Brief descriptive captions:
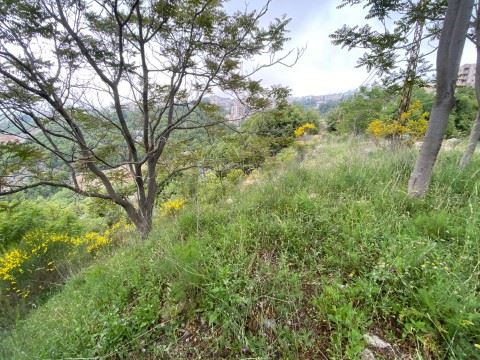 Land for sale in Klayaat, Keserwan - photo 3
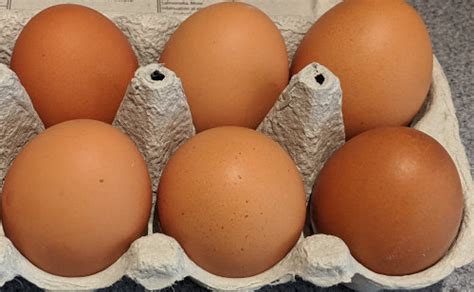 Red Sex Linked Chickens And How To Breed Them Cluckin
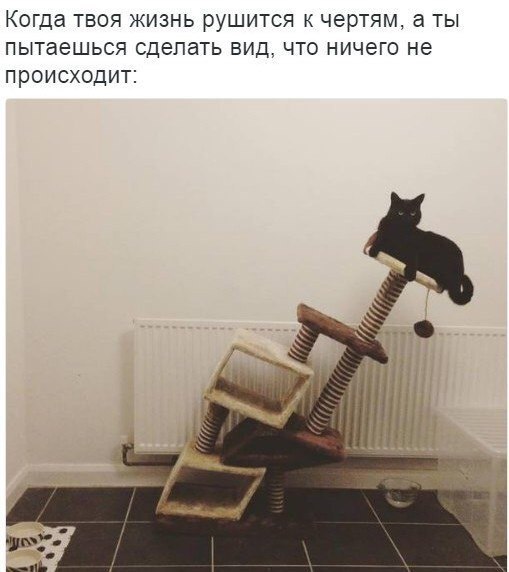 Фотограммы #да ты упоротый штоле? #немншк
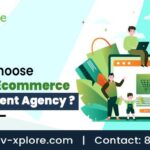 How To Choose The Best Ecommerce Development Agency?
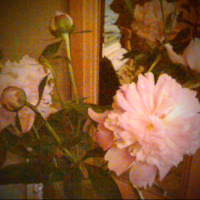 Peonies - Cut Flowers for Mom - May 2010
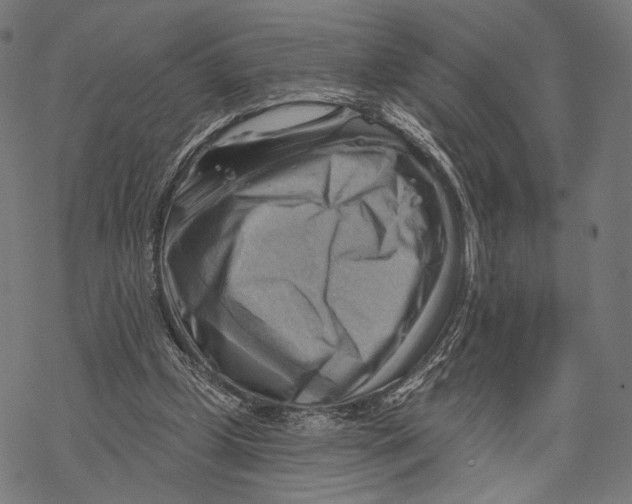 X0000068820249200605261557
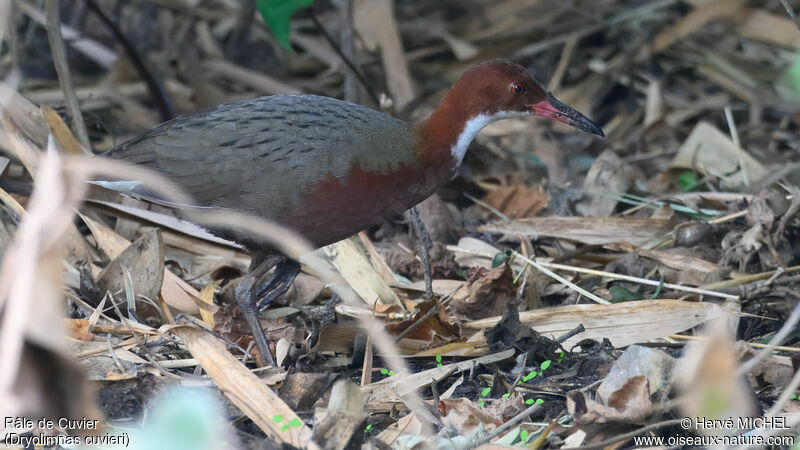 White-throated Rail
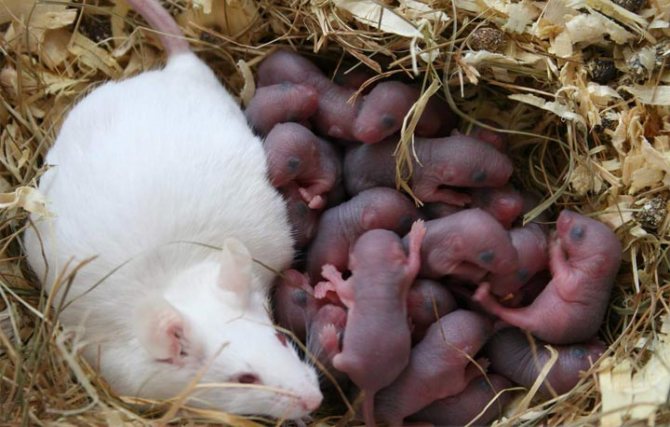 Nangangahulugan kung paano protektahan ang isang frame house mula sa mga rodent sa iyong sarili sa isang maikling panahon.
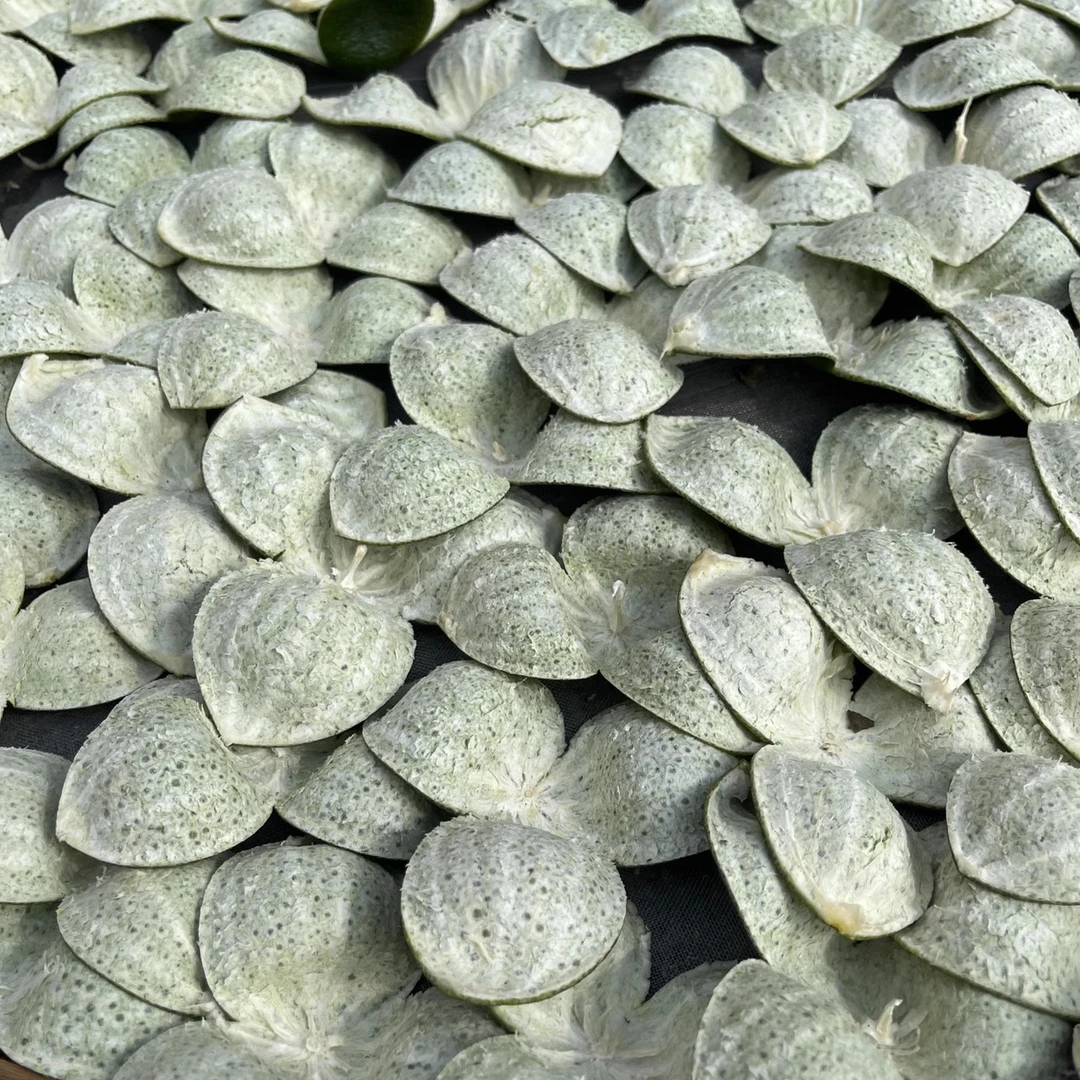 【果农直销大青皮】2024新会天马陈皮头采大青皮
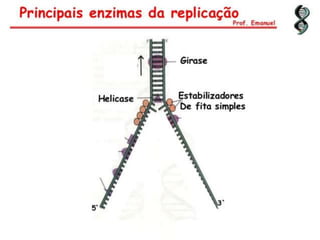 Duplicação, transcrição e tradução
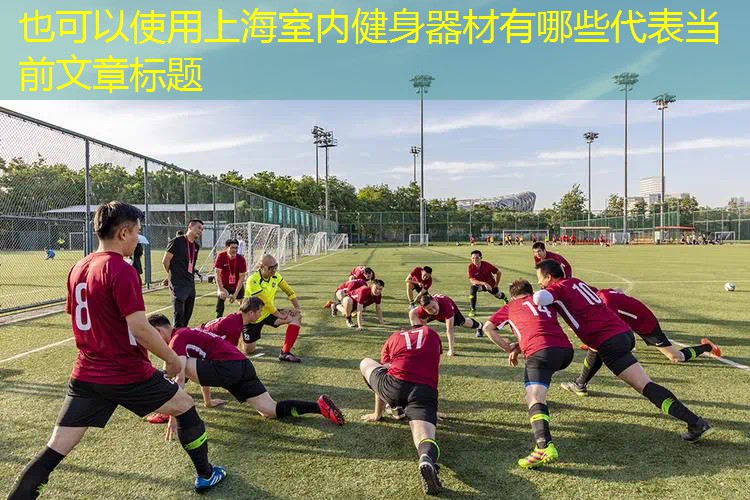 上海室内健身器材有哪些 上海室内健身器材有哪些
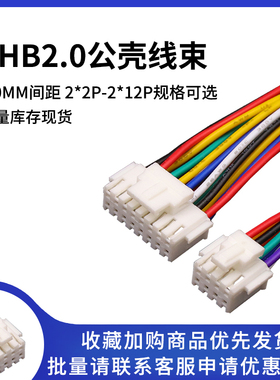 PHB2.0mm双排带扣插头端子线 2*2p3p4p6p7p8p-12P单头双头连接线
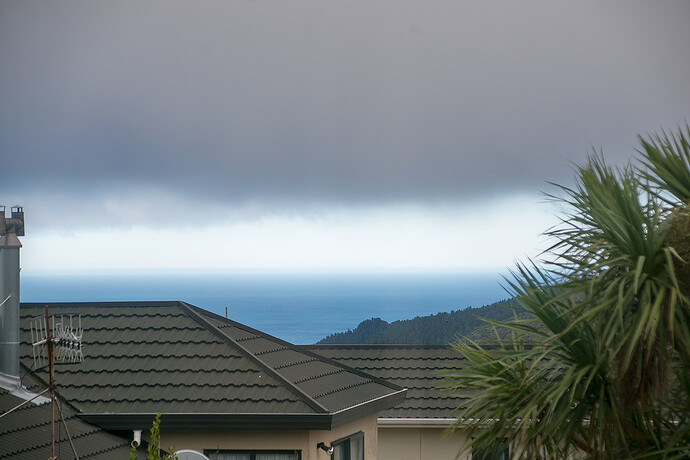 2026-03-30_10-36-05.88_DSC1848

• [What this task involves]
From the line that contains "Фотограммы #да ты упоротый штоле? #немншк" to the final line of the entries, reproduce every line exactly, both ends included. Leave out all pictures.

• [Response]
 Фотограммы #да ты упоротый штоле? #немншк
 How To Choose The Best Ecommerce Development Agency?
 Peonies - Cut Flowers for Mom - May 2010
 X0000068820249200605261557
 White-throated Rail
 Nangangahulugan kung paano protektahan ang isang frame house mula sa mga rodent sa iyong sarili sa isang maikling panahon.
 【果农直销大青皮】2024新会天马陈皮头采大青皮
 Duplicação, transcrição e tradução
 上海室内健身器材有哪些 上海室内健身器材有哪些
 PHB2.0mm双排带扣插头端子线 2*2p3p4p6p7p8p-12P单头双头连接线
 2026-03-30_10-36-05.88_DSC1848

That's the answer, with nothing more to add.